[Dataset items]
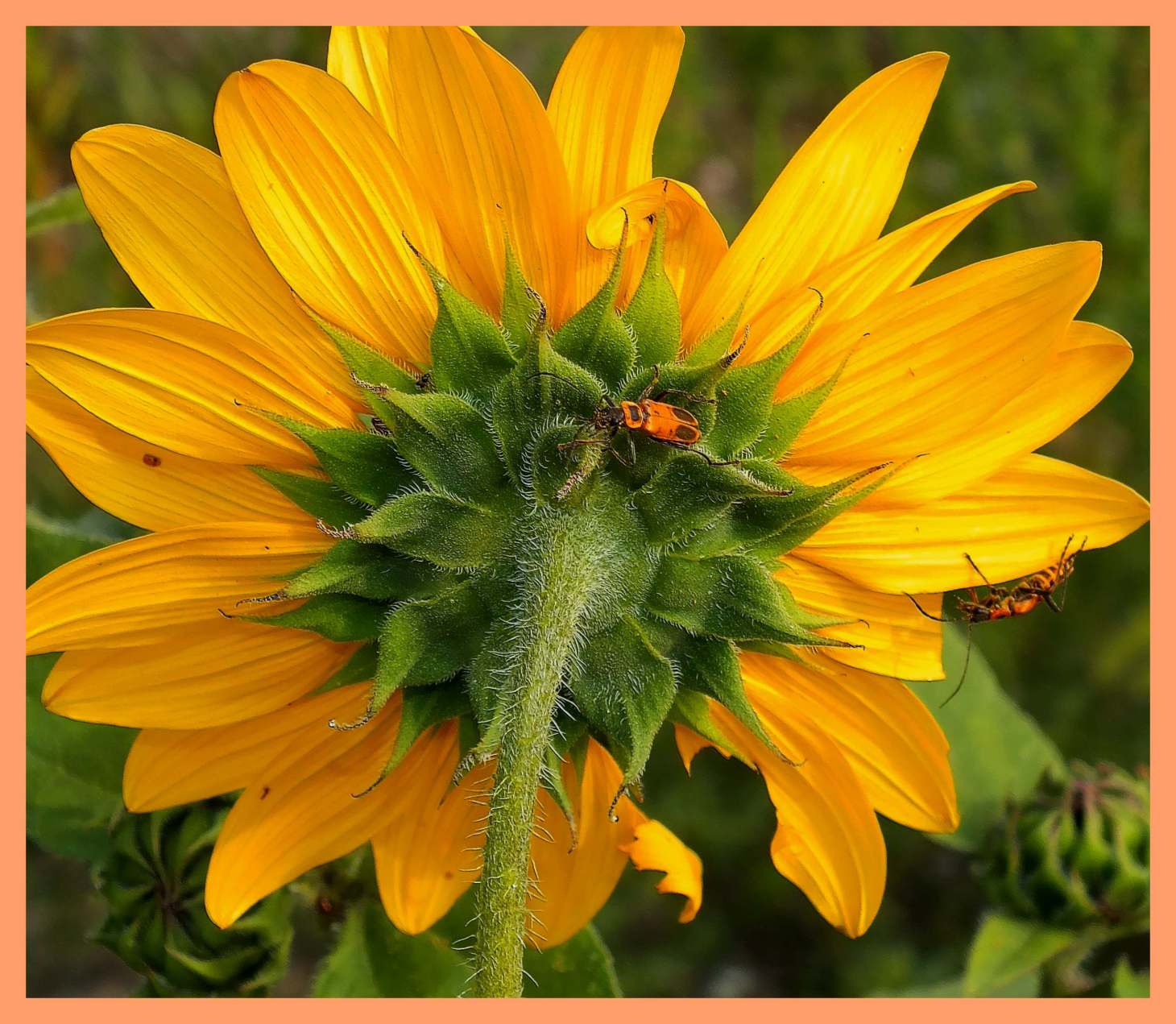 Soldier Beetles patrolling the area. Photo by Thomas Peace c. 2015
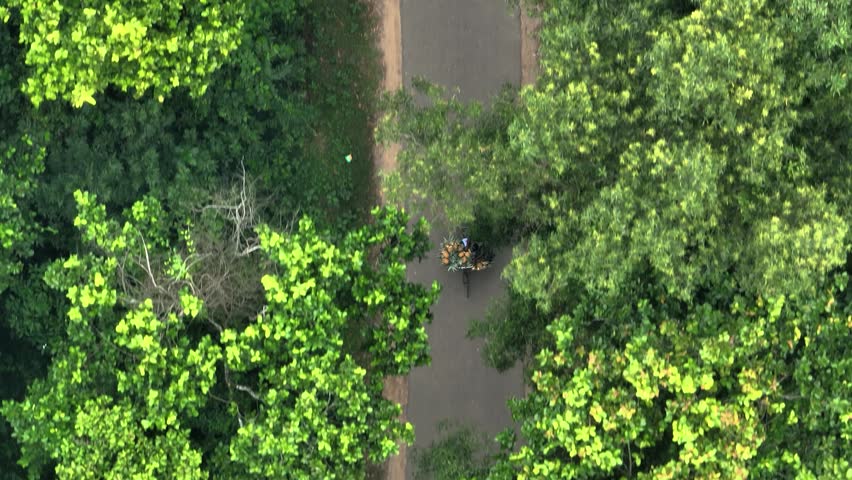 Aerial view of a person on a bicycle carrying goods along a narrow road through the dense green forest in Madhupur, Dhaka Division, Bangladesh.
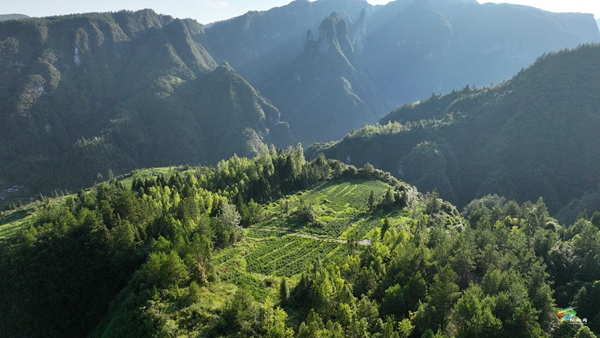 從藤茶香到鱘魚躍——松桃冷水溪鎮(zhèn)交出“兩山”答卷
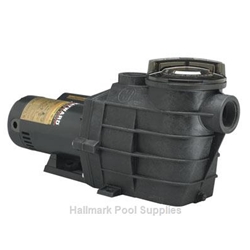 3HP 230V UR Super Ii Pump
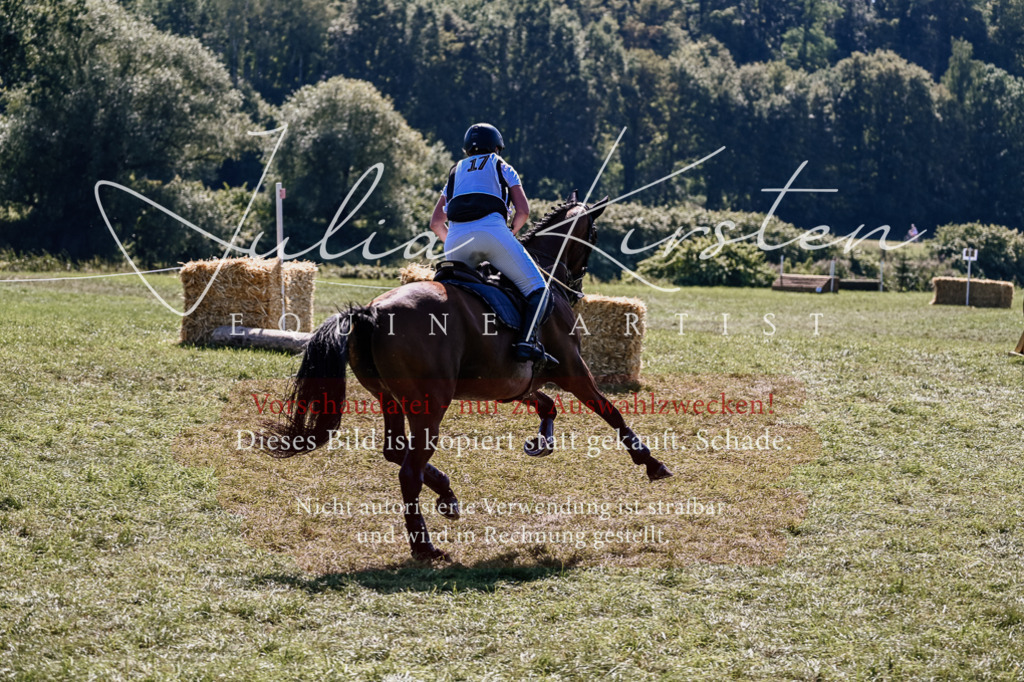 DSC_2015 | Pferde- und Turnierfotografie in Westsachsen. Pferdeportraits, Auftragszeichnungen und intuitive Kunst.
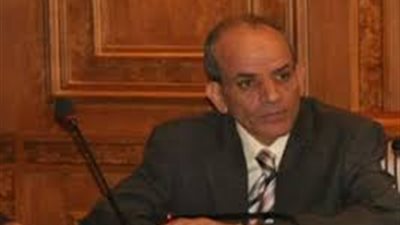 تفاصيل دخول 25 كلية جديدة في مجالات مختلفة الخدمة بالجامعات المصرية 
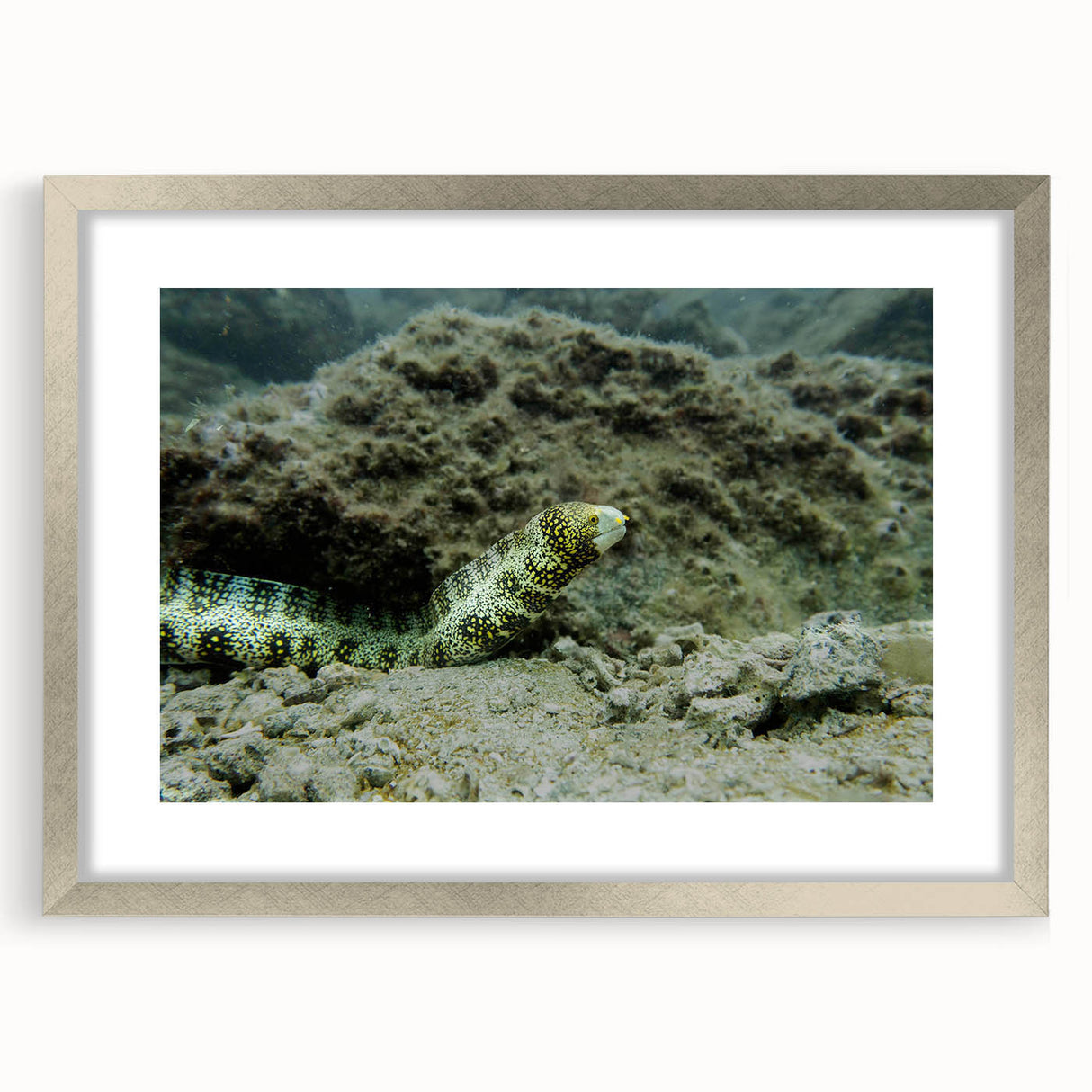 Framed wall art depicting a vibrant marine life eel design, featuring intricate details and a sleek silver frame, perfect for enhancing coastal-themed decor.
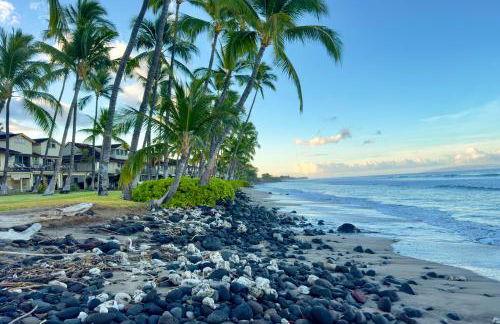 Puamana 30-2 - Foto 49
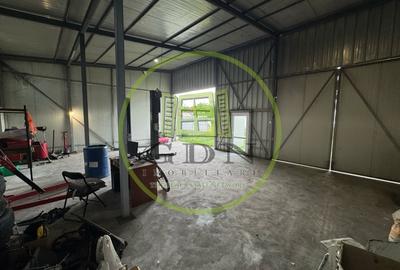 Hala 90mp, teren 300mp, zona Parcul Tineretului - 7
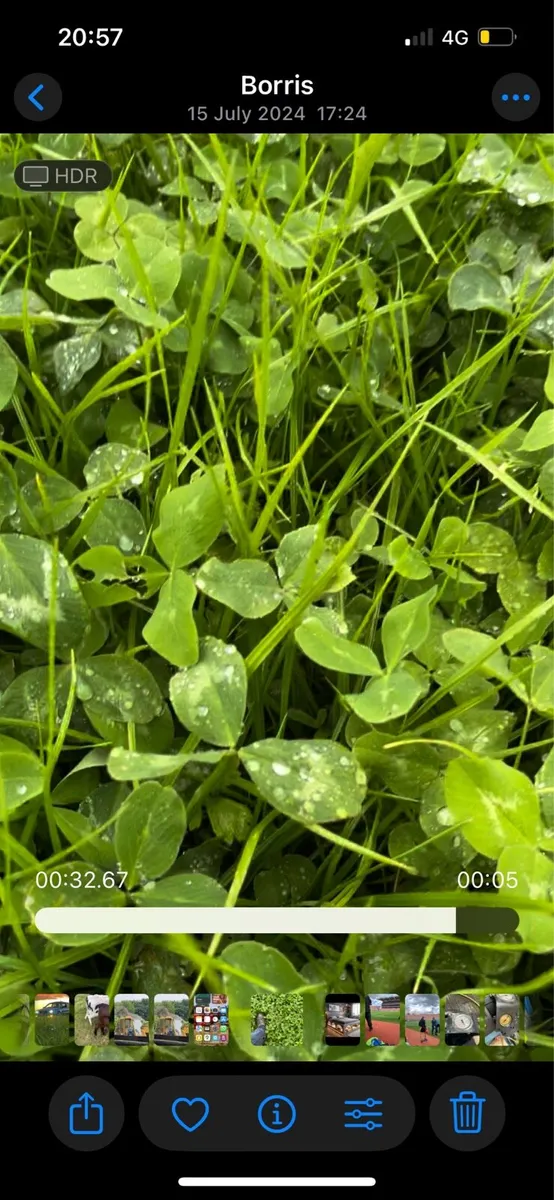 Hay and red clover silage - Image 2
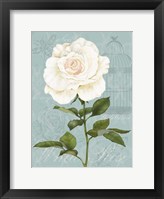 Framed Cream Rose I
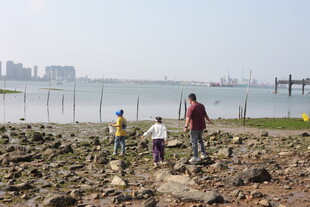 海边岩石上的亲子游玩场景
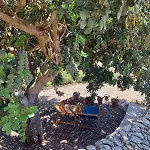 Casa Palombara - Healiday In Torre Salsa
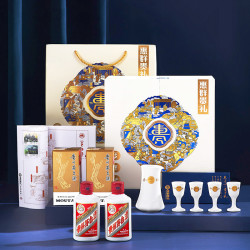 MOUTAI 茅台 飞天茅台 53%vol 酱香型白酒 100ml*2瓶 惠群贵礼礼盒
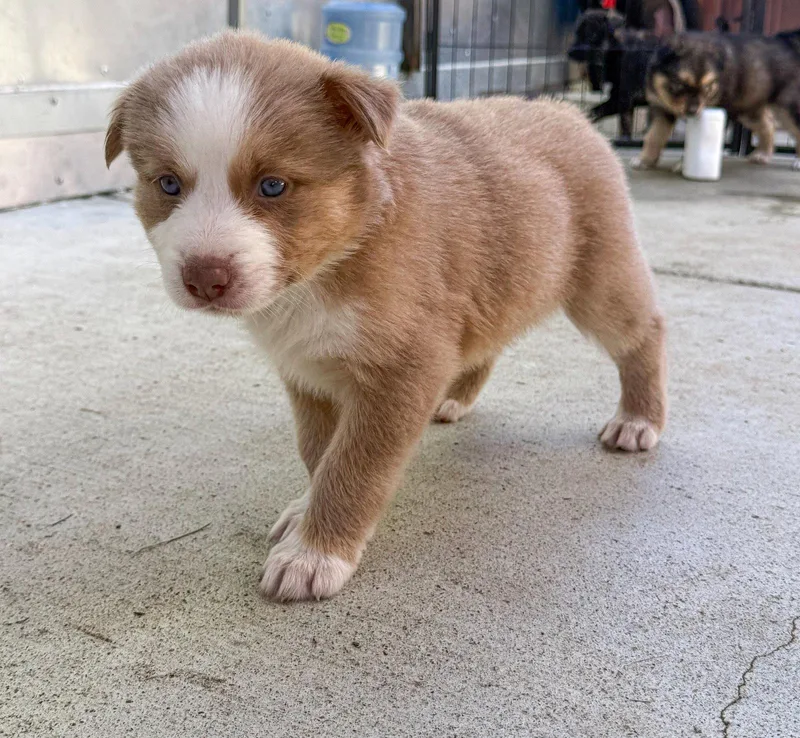 Marilynn's Puppy Muse thumbnail 3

● **What you should do**: Starting with the line that has "Framed wall art" and ending with the line that has "MOUTAI 茅台 飞天茅台 53%vol 酱香型白酒 100ml*2瓶 惠群贵礼礼盒", repeat the lines above exactly, omitting every picture.

● **Answer box**:
 Framed wall art depicting a vibrant marine life eel design, featuring intricate details and a sleek silver frame, perfect for enhancing coastal-themed decor.
 Puamana 30-2 - Foto 49
 Hala 90mp, teren 300mp, zona Parcul Tineretului - 7
 Hay and red clover silage - Image 2
 Framed Cream Rose I
 海边岩石上的亲子游玩场景
 Casa Palombara - Healiday In Torre Salsa
 MOUTAI 茅台 飞天茅台 53%vol 酱香型白酒 100ml*2瓶 惠群贵礼礼盒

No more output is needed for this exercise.